| Task description |
Restate all of the following data exactly, keeping any images out of the copy.

| Stored data |
*** Block opens ***

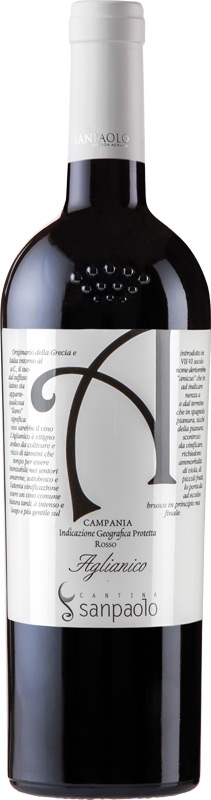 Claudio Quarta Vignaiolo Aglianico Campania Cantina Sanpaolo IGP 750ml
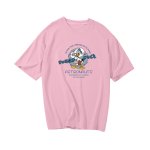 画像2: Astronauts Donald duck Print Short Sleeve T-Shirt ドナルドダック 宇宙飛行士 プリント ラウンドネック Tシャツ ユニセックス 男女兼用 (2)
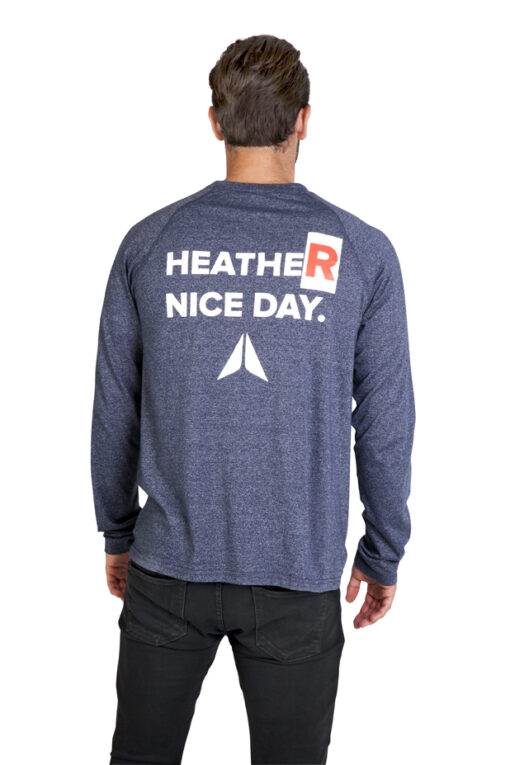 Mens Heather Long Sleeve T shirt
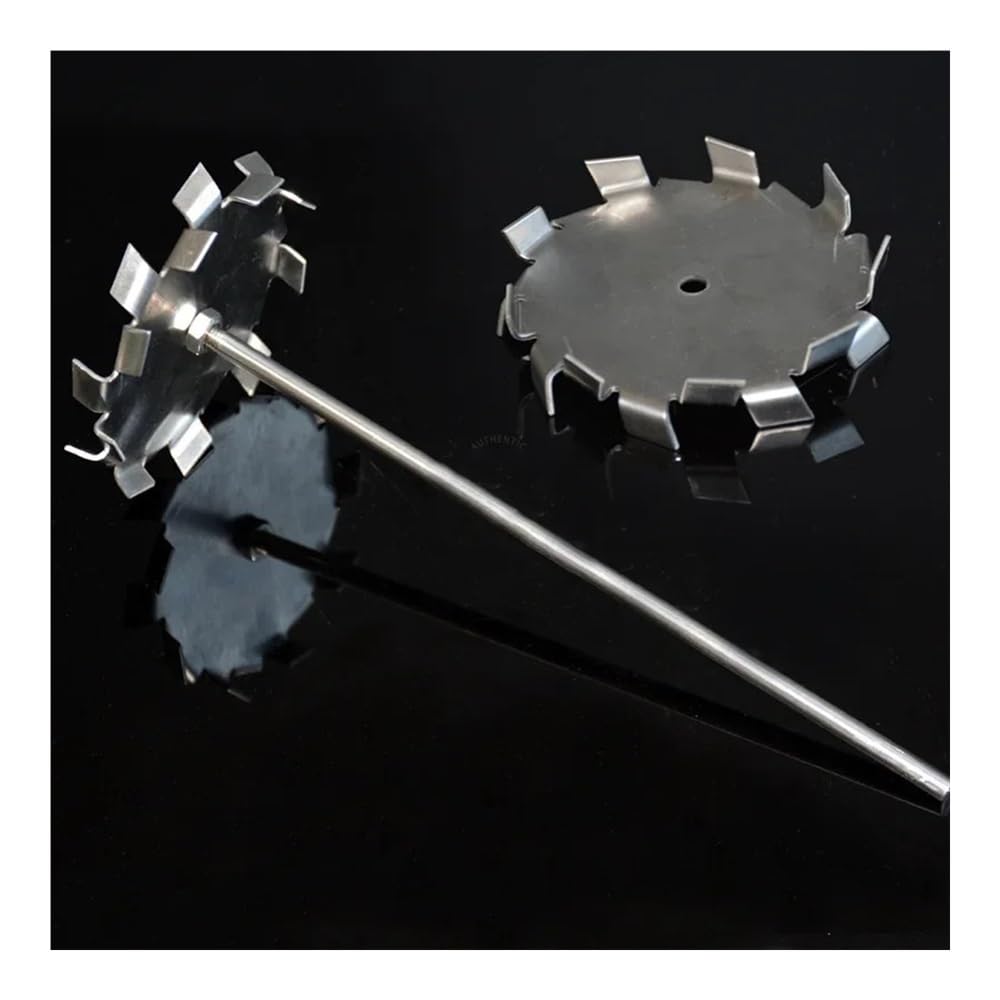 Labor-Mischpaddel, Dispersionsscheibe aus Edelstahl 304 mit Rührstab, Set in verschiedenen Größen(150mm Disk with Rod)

*** Block closes ***

| Answer to this exercise |
 Claudio Quarta Vignaiolo Aglianico Campania Cantina Sanpaolo IGP 750ml
 画像2: Astronauts Donald duck Print Short Sleeve T-Shirt ドナルドダック 宇宙飛行士 プリント ラウンドネック Tシャツ ユニセックス 男女兼用 (2)
 Mens Heather Long Sleeve T shirt
 Labor-Mischpaddel, Dispersionsscheibe aus Edelstahl 304 mit Rührstab, Set in verschiedenen Größen(150mm Disk with Rod)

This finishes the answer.